She couldn’t refute him. The idea of community politics held surprising appeal. She’d discovered during her civic volunteer work that she had a knack for seeing the big picture, a quality that would serve a council member well.
“Well?” Chad asked. The word was a temptation.
If she spearheaded an effort to bring the bike race to Indigo Springs in conjunction with the community work she’d already done, she’d be in a great position to run for council.
She let herself envision it for a moment. Her name on the ballot. The opportunity to do some good for the fine people of Indigo Springs. The questions the local newspaper would ask in order to print her bio in a special election section.
Who was she kidding? She could no more run for community politics than compete in a Miss Universe pageant.
“Thanks for thinking of me.” She was surprised it was hard to smile. “But I’m not going to run for office. You can let the mayor’s office know about the bike race yourself.”
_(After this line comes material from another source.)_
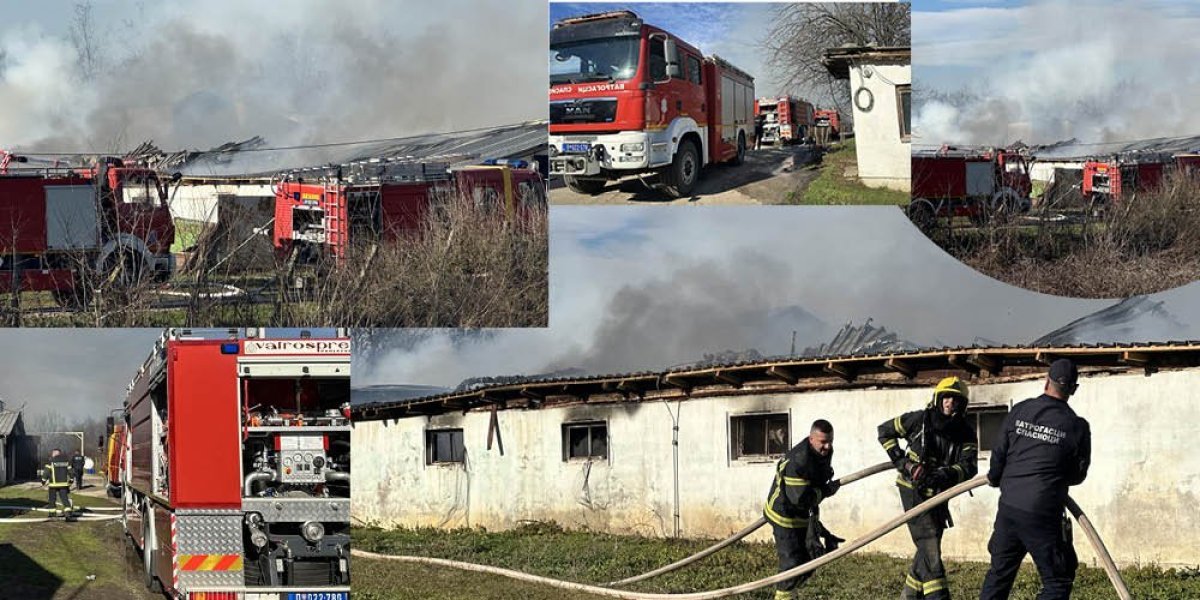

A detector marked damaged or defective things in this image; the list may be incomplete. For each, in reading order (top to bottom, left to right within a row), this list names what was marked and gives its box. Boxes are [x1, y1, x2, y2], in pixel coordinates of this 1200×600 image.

“Okay. If that’s what you want,” he said, then grew quiet at the arrival of the rookie waitress and the second coming of their order.
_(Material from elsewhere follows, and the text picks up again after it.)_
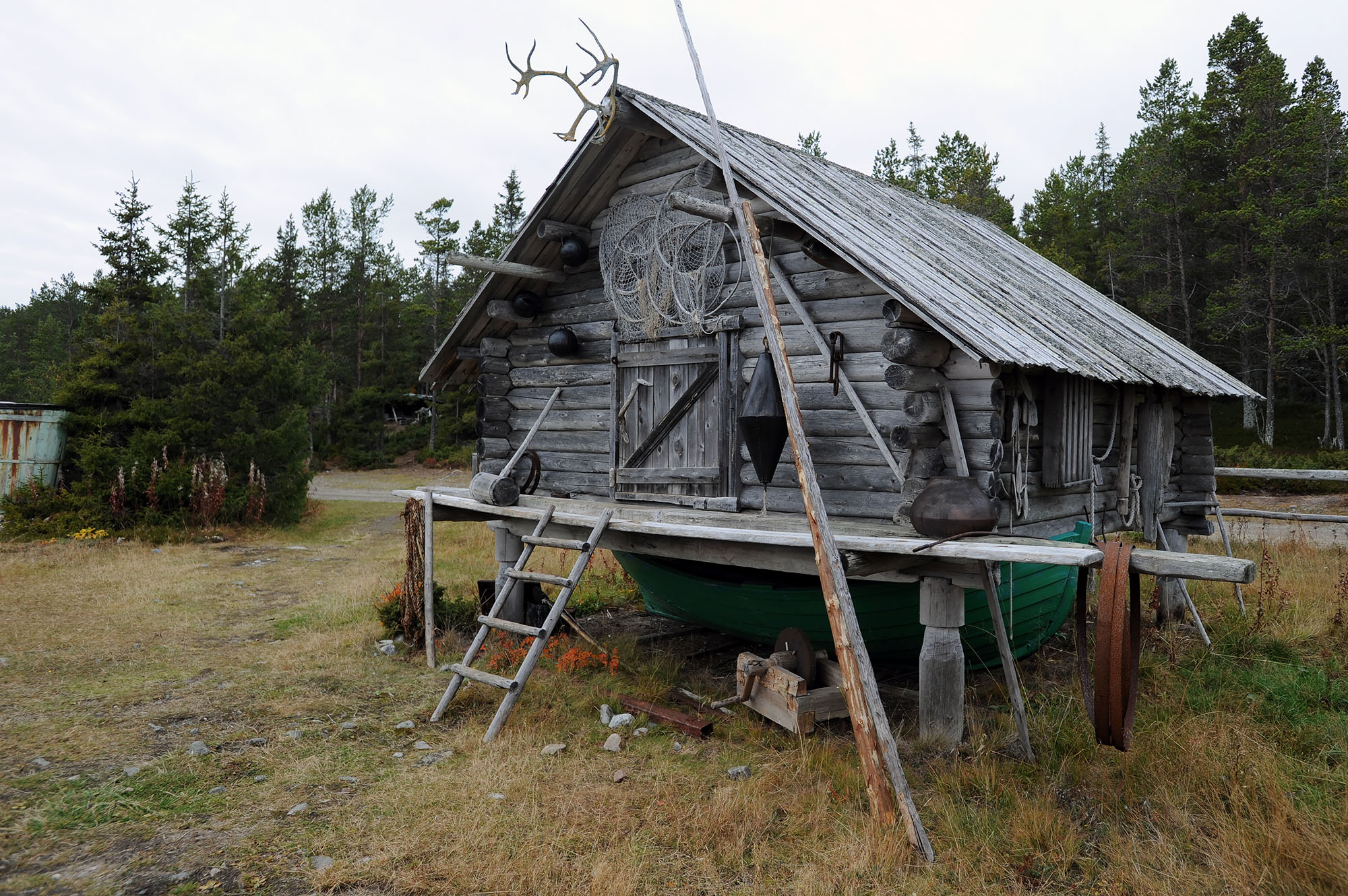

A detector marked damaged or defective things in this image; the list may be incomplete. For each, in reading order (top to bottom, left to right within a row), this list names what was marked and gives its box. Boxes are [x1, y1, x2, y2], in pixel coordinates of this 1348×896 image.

A few moments later Chad reached for a piece of his individually sized pizza, biting into a slice as though nothing notable had happened.
It had, though.
Jill had gotten another reminder that she’d surrendered her chance to lead a normal life by going on the run with her brother.
She felt a prickly sensation on the back of her neck and turned, her gaze locking with Dan’s.
A thrill traveled through her, which was starting to be par for the course. She’d experienced it when they talked over the broken plates and had felt it more strongly during their kiss.
The sensation provided enough incentive for her to break the connection. The reasons she couldn’t get involved with Dan hadn’t changed, providing ample cause for her to keep her mouth shut about why she was lunching with Chad.
Dan would eventually discover she and the pharmacist weren’t an item. She’d be smart to use the time until he did to devise a way to stop the thrill.
CHAPTER THREE
DAN WAVED OFF THE GNATS swirling around his face. He took his time as he hoisted his sturdy mountain bike from the bed of his Jeep to the packed earth of the parking area.
The morning sun highlighted a streak of dust on the handlebars he must have missed when he wiped down the bike. He’d regularly hit the trails back in Ohio. Here in Indigo Springs he’d waited so long to take his inaugural ride he’d had to dig the bike out from a pile of stuff in his garage.
Funny how life worked. If Penelope Pollock hadn’t mentioned mountain biking when he ran into her before she left for her second honeymoon, he might not have gotten the notion to take up riding again.
It had all started when Dan made an offhand remark about seeing Jill lunching with Chad Armstrong. Penelope emphatically maintained the two were not dating, a piece of information that fit. Somebody as honest and upfront as Jill wouldn’t have fed him a line about her resolve not to get involved with anyone.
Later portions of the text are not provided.